Maximum transmission unit and maximum segment size
Magic Transit has operation requirements that customers should know about to make sure their network works as intended. Customers should pay particular attention to the maximum transmission unit (MTU) and maximum segment size (MSS) values. The incorrect configuration of these values might lead to loss of performance or inability to deliver data packets.
The maximum transmission unit (or MTU) ↗ is a measurement representing the largest data packet that a network-connected device will accept. The MTU almost always applies to Layer 3 of the OSI model in networking, and includes the entire packet, including all headers (TCP, IP, etc.) and the data (payload) itself. For example, packets must be no bigger than 1,500 bytes to be routable through the Internet.
The maximum segment size (or MSS) ↗ refers to the amount of data that can be sent in a single TCP datagram packet. This value is determined by subtracting the size of the IP and TCP headers from the MTU, which will instruct the router how large the payload can be. It applies to Layer 4 of the OSI model in networking.
One common misconception about MSS/MTU is that setting these values negatively impacts performance. While there is a slight performance penalty, it is worse not to configure these values to account for the specificities of your network.

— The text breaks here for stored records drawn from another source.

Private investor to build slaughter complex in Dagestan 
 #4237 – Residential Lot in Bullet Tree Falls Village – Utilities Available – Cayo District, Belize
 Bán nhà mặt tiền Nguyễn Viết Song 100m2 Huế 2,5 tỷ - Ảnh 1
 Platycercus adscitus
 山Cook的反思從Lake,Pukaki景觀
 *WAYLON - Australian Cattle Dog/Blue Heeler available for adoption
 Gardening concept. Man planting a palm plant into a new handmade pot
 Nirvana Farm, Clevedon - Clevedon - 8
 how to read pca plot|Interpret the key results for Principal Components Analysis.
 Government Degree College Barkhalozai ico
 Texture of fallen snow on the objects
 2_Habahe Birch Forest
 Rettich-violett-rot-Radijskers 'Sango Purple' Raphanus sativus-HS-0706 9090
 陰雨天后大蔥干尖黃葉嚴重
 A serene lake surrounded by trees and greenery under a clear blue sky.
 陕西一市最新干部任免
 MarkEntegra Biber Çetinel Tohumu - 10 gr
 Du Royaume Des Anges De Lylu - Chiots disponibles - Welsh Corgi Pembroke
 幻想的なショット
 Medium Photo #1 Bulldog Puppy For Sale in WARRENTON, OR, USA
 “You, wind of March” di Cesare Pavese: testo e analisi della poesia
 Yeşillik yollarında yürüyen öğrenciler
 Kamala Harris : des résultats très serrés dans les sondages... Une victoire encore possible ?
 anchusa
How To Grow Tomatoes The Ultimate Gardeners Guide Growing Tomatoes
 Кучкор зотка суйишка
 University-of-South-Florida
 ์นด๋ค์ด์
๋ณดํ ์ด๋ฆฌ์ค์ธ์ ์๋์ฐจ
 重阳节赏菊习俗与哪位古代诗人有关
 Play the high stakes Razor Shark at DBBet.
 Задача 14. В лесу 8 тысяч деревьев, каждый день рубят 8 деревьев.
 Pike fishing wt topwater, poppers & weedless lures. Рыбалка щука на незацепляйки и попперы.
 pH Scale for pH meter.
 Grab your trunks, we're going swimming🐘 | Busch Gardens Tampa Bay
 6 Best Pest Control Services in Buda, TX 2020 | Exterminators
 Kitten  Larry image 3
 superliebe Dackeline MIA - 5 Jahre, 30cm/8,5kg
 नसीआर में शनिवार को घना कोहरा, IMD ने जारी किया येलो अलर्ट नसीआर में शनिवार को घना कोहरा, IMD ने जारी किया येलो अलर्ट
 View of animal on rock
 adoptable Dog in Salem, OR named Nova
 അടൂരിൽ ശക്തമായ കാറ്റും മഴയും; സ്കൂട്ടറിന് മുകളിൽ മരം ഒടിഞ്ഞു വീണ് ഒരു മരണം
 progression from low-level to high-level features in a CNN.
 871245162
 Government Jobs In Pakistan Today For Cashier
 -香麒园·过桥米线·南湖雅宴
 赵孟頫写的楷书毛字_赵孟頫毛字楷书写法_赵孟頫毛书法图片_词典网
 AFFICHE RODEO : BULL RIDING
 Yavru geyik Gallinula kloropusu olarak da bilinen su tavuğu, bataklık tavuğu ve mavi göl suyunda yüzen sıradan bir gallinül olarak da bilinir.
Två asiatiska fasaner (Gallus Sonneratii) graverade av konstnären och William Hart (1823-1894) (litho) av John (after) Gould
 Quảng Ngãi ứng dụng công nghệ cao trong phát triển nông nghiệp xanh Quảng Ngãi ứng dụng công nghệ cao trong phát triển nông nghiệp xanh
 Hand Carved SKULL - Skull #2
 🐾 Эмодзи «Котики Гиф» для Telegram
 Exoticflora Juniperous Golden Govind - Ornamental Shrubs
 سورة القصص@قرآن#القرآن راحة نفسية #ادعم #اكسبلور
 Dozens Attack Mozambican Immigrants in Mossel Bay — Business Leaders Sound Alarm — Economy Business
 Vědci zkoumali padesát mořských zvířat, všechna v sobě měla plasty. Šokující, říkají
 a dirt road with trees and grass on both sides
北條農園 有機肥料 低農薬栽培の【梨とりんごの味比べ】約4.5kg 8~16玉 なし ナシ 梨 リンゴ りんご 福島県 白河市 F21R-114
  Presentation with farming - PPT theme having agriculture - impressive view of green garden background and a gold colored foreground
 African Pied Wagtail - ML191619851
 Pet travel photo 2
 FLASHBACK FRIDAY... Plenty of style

Since Magic Transit uses encapsulation to deliver its services, it is also important to understand why MTU and MSS matter in this case.
Encapsulation adds bytes to the packet, since we add a new IP header and (often) some sort of encapsulating header to every packet. For example, in the case of GRE for IPv4, we add 24 bytes – 20 bytes for the IPv4 header, and 4 bytes for the GRE tunnel header.
A network interface which performs GRE encapsulation needs to account for the added overhead by reducing its MTU. Since the MTU maximum size is 1,500 bytes, for IPv4 this means that the MTU can be 1,476 bytes (the original 1,500 bytes minus the 24 bytes from the GRE encapsulation). This reduced MTU defines the maximum size of the IP packet that can be encapsulated by GRE.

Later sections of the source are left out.